Wednesday, April 15, 2015

Advancements in Retinal Detachment Research Pave the Road to Better Visual Recovery

Editor's notes:

To read more about what is Retinal Detachment, how is it caused, what are the symptoms, and what are the suggested things to do, click here.

Retinal detachment was the first retinal pathology that could be managed with a surgical intervention. Dr Jules Gonin (pictured on the left - credit) came up with a solution to treat this condition. Before that, all patients with retinal detachment were doomed to blindness. His work from 1902 to 1921, when he recognized that a retinal break was the cause of a retinal detachment - and not a consequence as was largely believed those days - helped kickstart the specialty of retinal disease management. Though his technique, referred to as "ignipuncture", is now obsolete, his pioneering work laid the important foundation. Though his work did not gain recognition for quite some time, and was even opposed by many, he finally got his due in 1929 at the International Ophthalmology Congress in Amsterdam. Since then, his legacy has lived on in the eye hospital in Lausanne that bears his name, in the Gonin Medal awarded by the International Council of Ophthalmology, the Club Jules Gonin, and in a street named after his, the very street that he used to walk from home to the hospital every day.

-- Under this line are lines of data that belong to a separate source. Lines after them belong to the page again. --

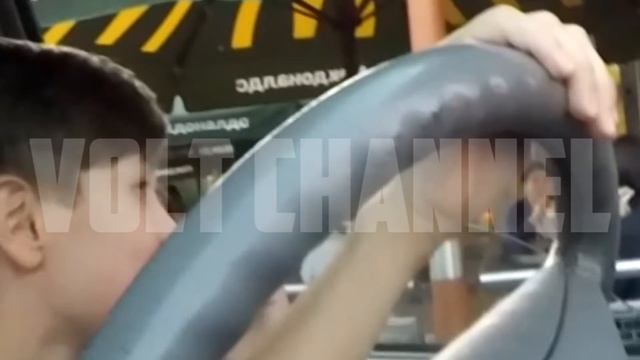 ПРАНК В МакАвто / РЕБЕНОК ЗА РУЛЕМ / ЧЕБОКСАРЫ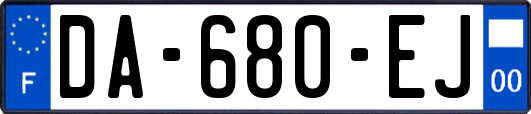 DA-680-EJ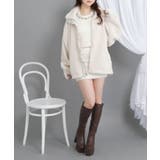 アームウォーマー付ビジューシャギーミニスカートセットアップ3点セット 韓国 夢展… | 夢展望 | 詳細画像7 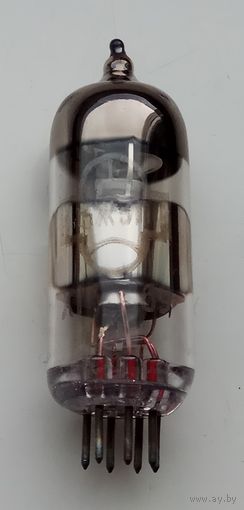 Лампа 6Ж3П Высокочастотный тетрод с пентодной характеристикой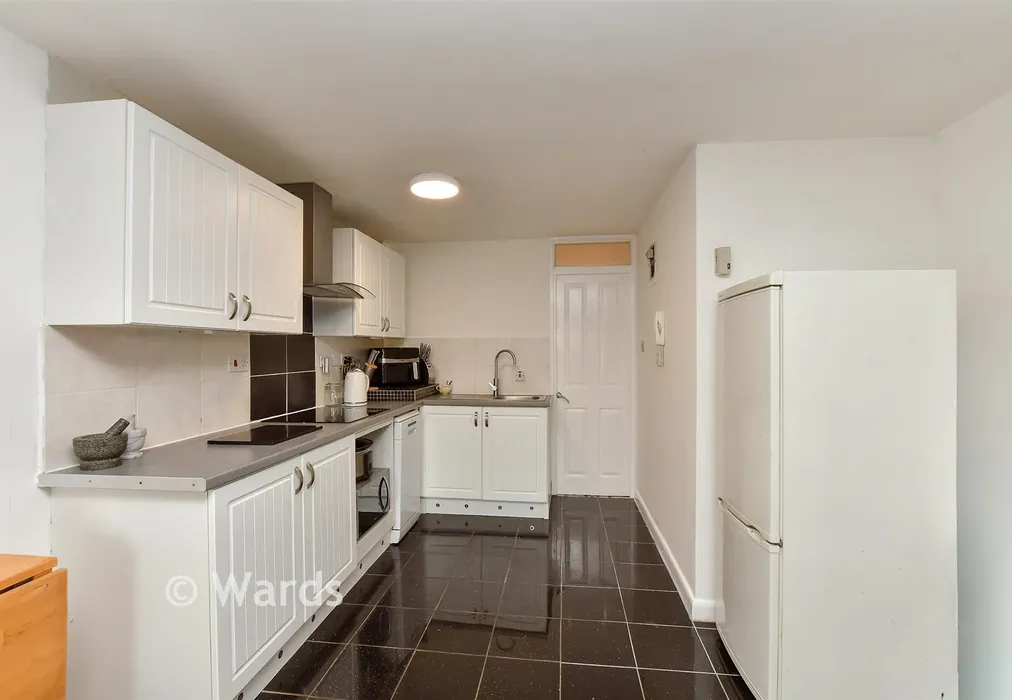 Kitchen/   Living Area - Marlborough Road, Gillingham, Kent - Wards of Kent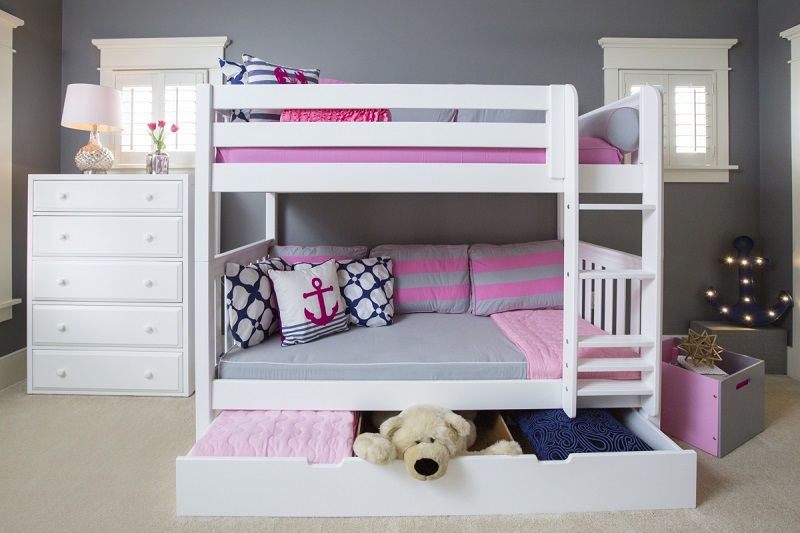 bunk beds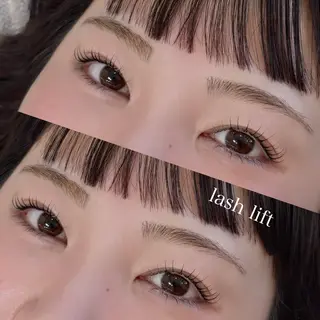 マツエク・マツパ fameu HARUのマツエク・マツパデザイン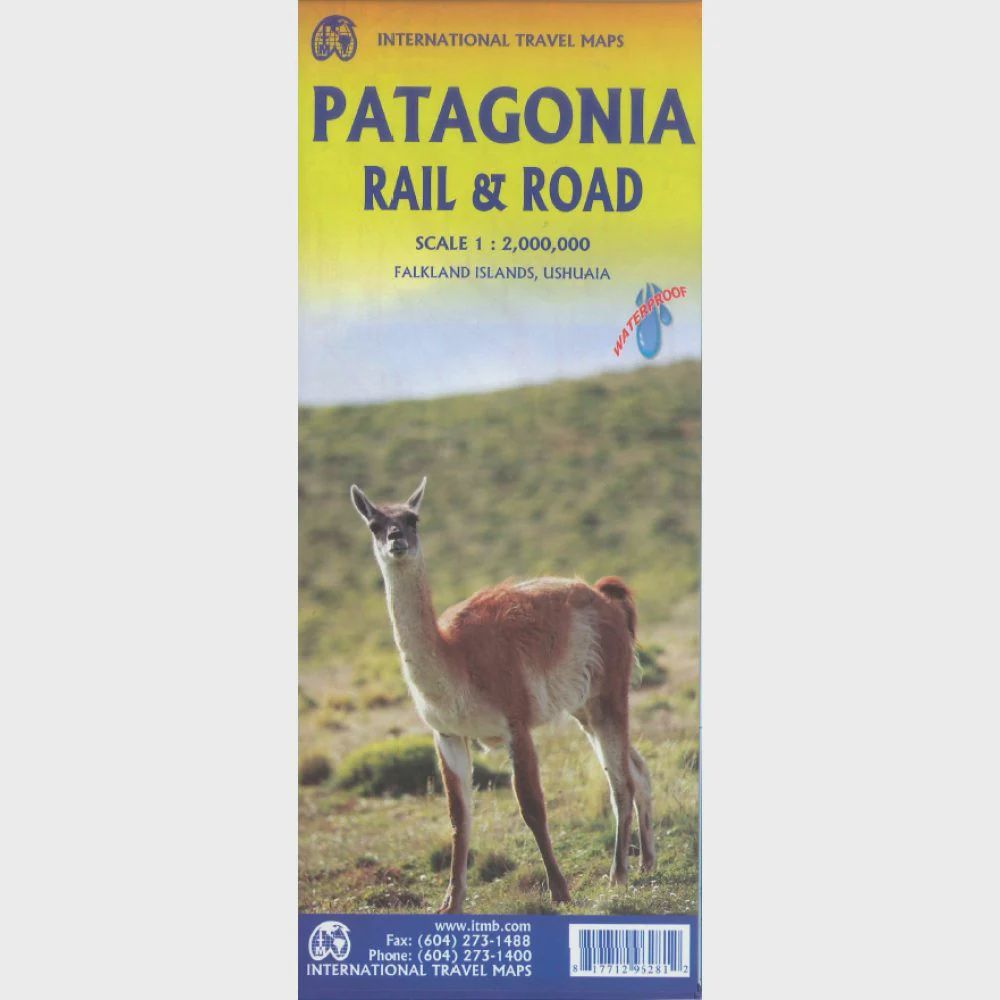 ITMB Patagonia Rail &amp; Road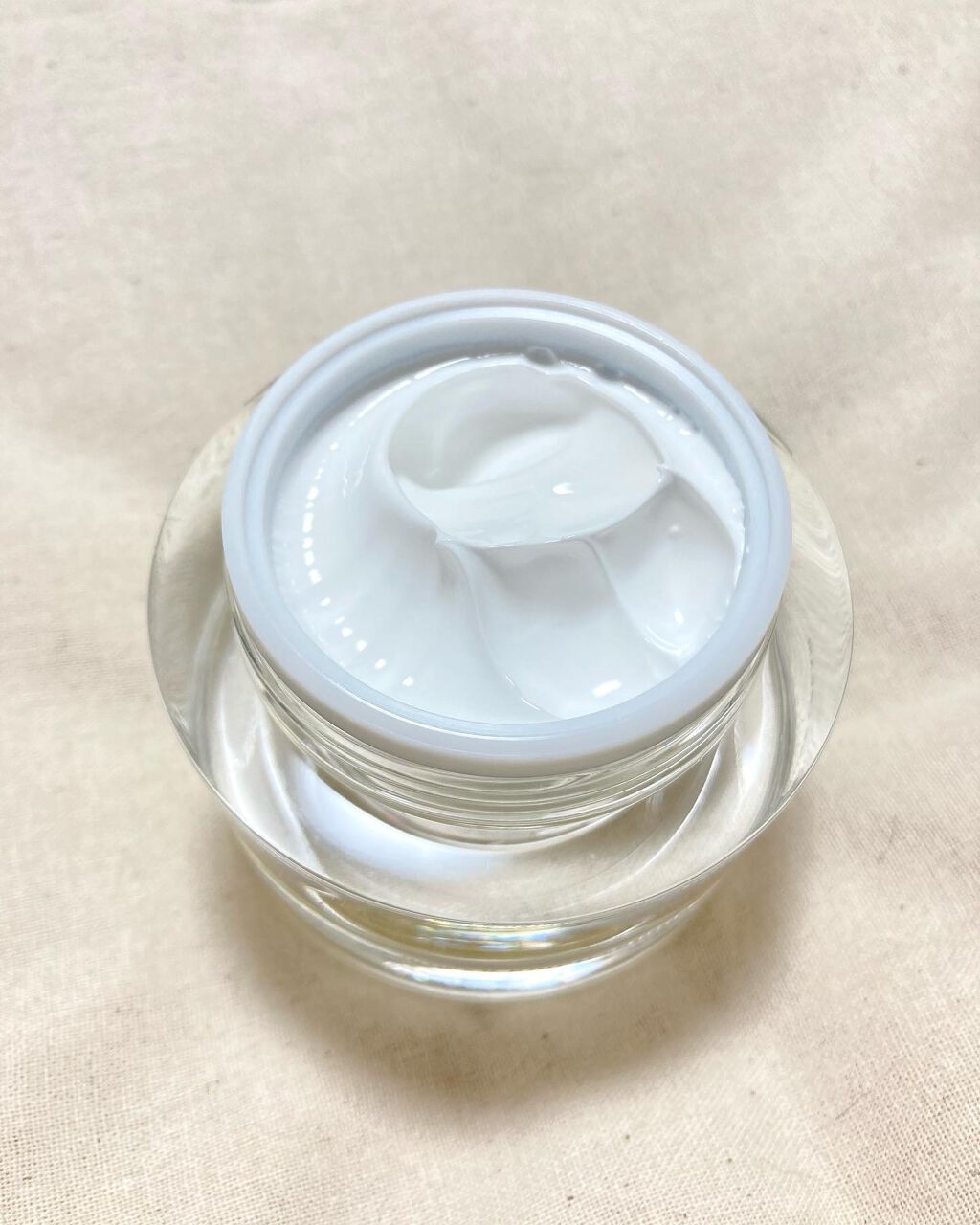 パワーブライトニング グルタチオンクリーム/Dr.Althea/フェイスクリームを使ったクチコミ(3枚目)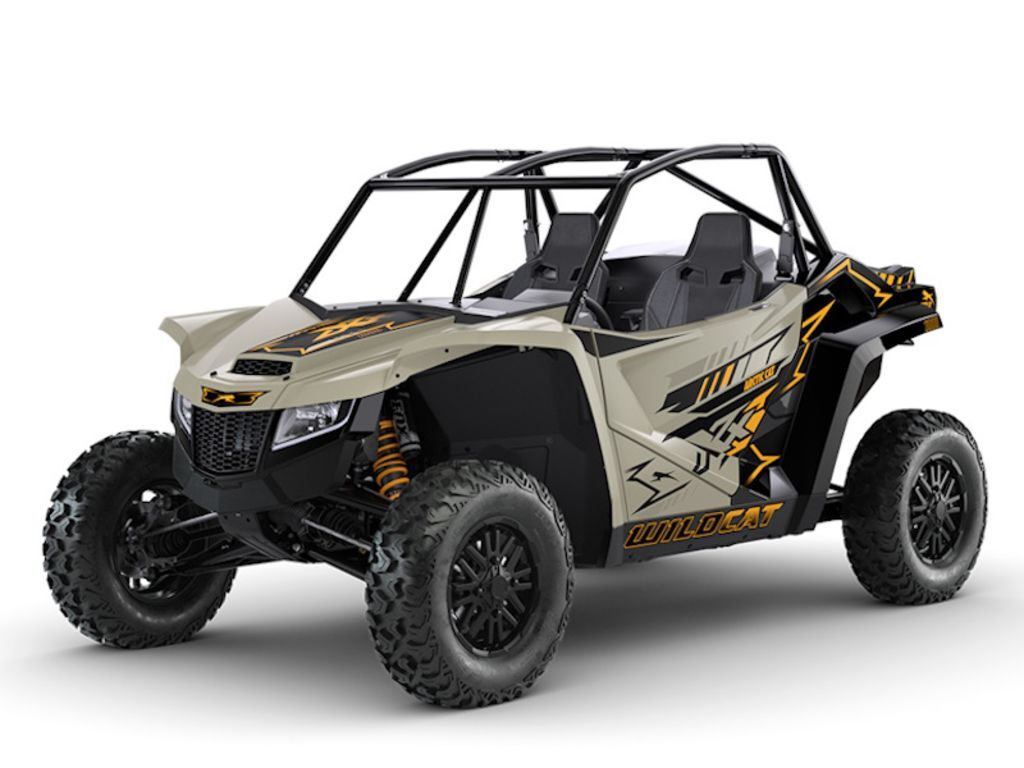 2022 Arctic Cat Wildcat for sale in Cody, WY | VIN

Today, with management of retinal detachment that includes scleral buckle and vitrectomy, as many as ten percent of patients will ultimately suffer from permanent visual loss, usually due to the condition referred to as proliferative vitreoretinopathy (PVR).



Dr. Collen Cebulla
Though there are many theories regarding PVR formation and prevention, there are still unanswered questions about its causative factors. Dr. Collen Cebulla (picture on the left - credit) and a team of scientists at Ohio State University have been studying how retinal scar tissue develops in the hopes of stopping it before it can start. Supported by several KL2 grants from Ohio State’s Center for Clinical and Translational Science, Dr. Cebulla’s research is starting to reveal some answers.

The scientists & researchers have found more than 500 proteins that are produced following retinal detachment, many of which trigger the kind of inflammation that starts the scarring process. By identifying those proteins that are the most active, they can potentially begin developing experimental therapeutics that alter those proteins and hopefully either help promote tissue regeneration or inhibit scarring.

An estimated 57,000 people in the United States experience retinal detachment each year. The number is likely to be significantly more worldwide. The lifetime risk of developing a retinal detachment is about 1/300 and it remains a significant cause of legal blindness in the US, particularly if the macula has been damaged or if PVR develops, underscoring the need for better alternatives.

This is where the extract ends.